→ Work to be completed: In the entries below, find the line with "Künstler-AK Soldat der" and the line with "Vista 11 de"; reproduce those two lines and all lines between them exactly, without pictures.

→ Dataset entries:
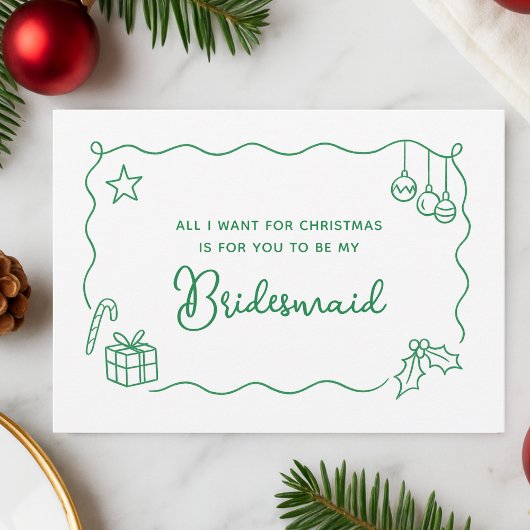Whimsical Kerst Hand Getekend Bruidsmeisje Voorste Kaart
* * *
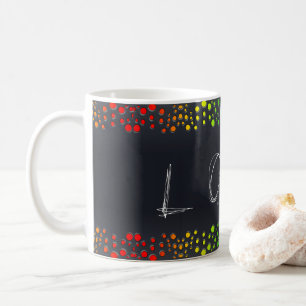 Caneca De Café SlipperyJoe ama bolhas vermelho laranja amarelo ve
...
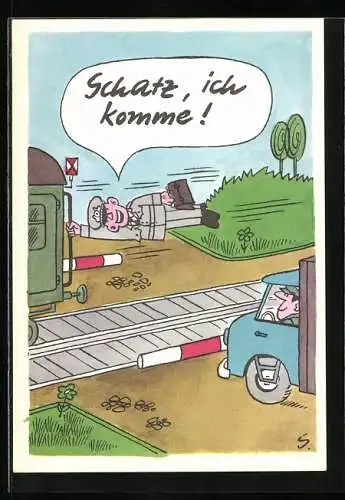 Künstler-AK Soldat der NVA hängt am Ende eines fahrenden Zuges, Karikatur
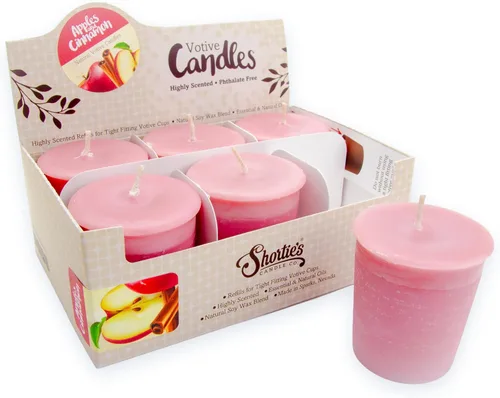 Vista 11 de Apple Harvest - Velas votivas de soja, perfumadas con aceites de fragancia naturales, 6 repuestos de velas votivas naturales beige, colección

→ Expected answer:
 Künstler-AK Soldat der NVA hängt am Ende eines fahrenden Zuges, Karikatur
 Vista 11 de Apple Harvest - Velas votivas de soja, perfumadas con aceites de fragancia naturales, 6 repuestos de velas votivas naturales beige, colección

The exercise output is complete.